Do the US and its allies enjoy enough tools and potentials to contain Beijing? Will China finally succeed in determining the world trade order? Much of what has been said before can be applied to answer this question.
The simplest answer is direct: (1) The liberal democratic order under the leadership of the United States still has more than enough tools to prevent China from substituting its own world trade order for that of the liberal democratic camp; (2) but in the effort to prevent such a reversal of global authority, two things occur that perversely enough help reshape the world trade order itself, the first is that the principle objective is to sharpen difference rather than promote convergence across difference, and the second is that in the absence of a singular vision for a world trading order, global trade will be unified only by and as a series of rules under which trade may pass from one universal (and closed ) system to another.

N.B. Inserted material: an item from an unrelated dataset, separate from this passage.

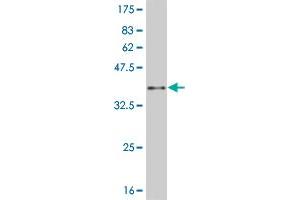 Western Blotting (WB) image for anti-Heat Shock 27kDa Protein 1 (HSPB1) (AA 96-205) antibody (ABIN516740)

That is the future the contours of which we are already seeing.
The evidence is plain: First the efforts to ensure that data and information are confined within the borders of the state from which it is sourced.
Second, the increasing use of waivers from free trade on grounds of nationals security and national interest Third, the heightened wariness of espionage.
Fourth is the development of institutional countermeasures to the use of economic power and markets and a site for non-violent warfare between competing camps.